**Exercise aim**
Would you please repeat, word for word, only the lines from the one holding "Food and restaurant" through the one holding "Foto. LFP Lamine" in the material below, without the pictures?

[Opening Task inputs section]

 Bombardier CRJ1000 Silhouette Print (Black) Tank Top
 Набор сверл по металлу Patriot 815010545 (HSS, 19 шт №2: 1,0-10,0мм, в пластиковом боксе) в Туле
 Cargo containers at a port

[Closing Task inputs section]
[Opening Task inputs section]

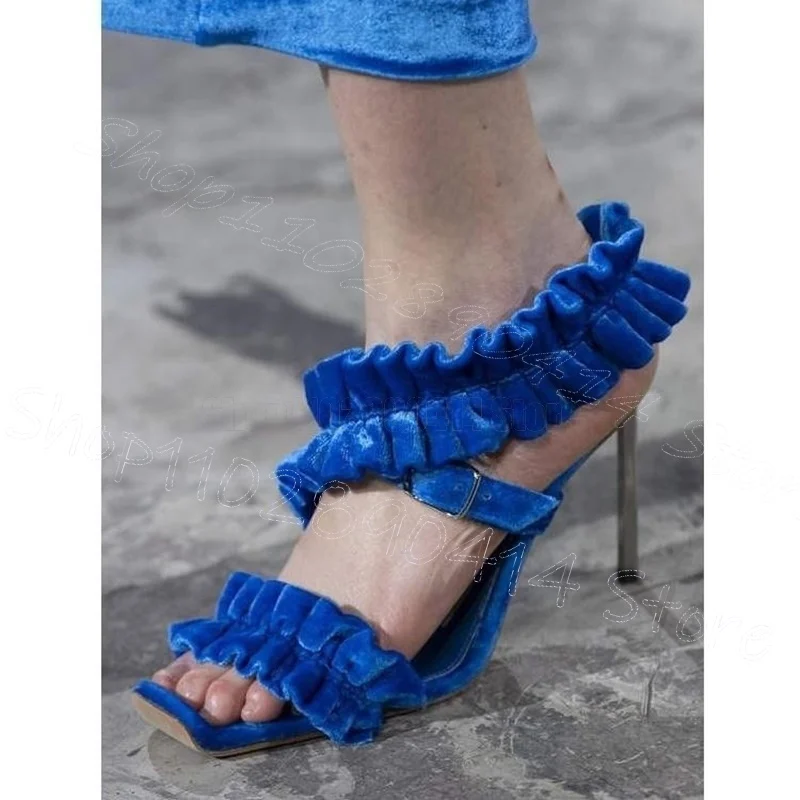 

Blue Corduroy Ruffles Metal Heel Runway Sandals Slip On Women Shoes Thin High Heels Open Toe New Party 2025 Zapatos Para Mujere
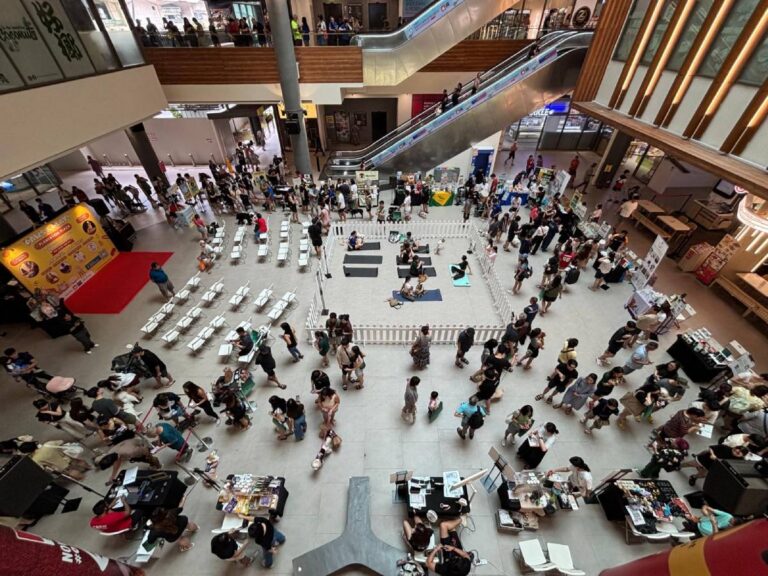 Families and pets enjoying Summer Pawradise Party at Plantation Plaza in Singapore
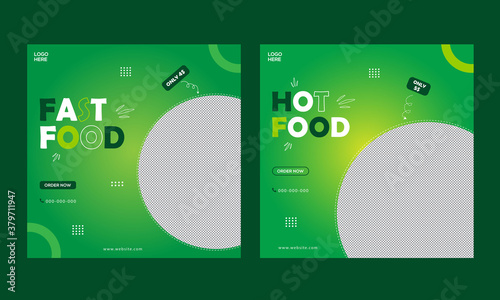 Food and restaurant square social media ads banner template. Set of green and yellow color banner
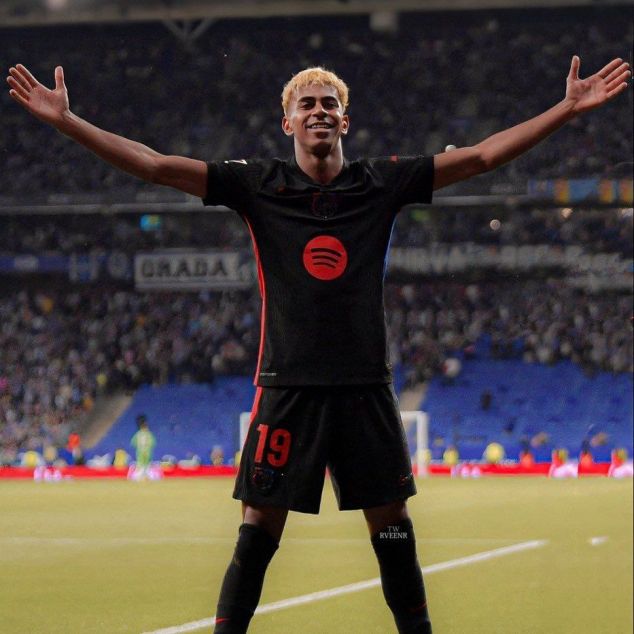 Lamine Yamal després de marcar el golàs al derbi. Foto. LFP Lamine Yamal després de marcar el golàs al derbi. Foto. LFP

[Closing Task inputs section]

**Answer section**
 Food and restaurant square social media ads banner template. Set of green and yellow color banner
 Lamine Yamal després de marcar el golàs al derbi. Foto. LFP Lamine Yamal després de marcar el golàs al derbi. Foto. LFP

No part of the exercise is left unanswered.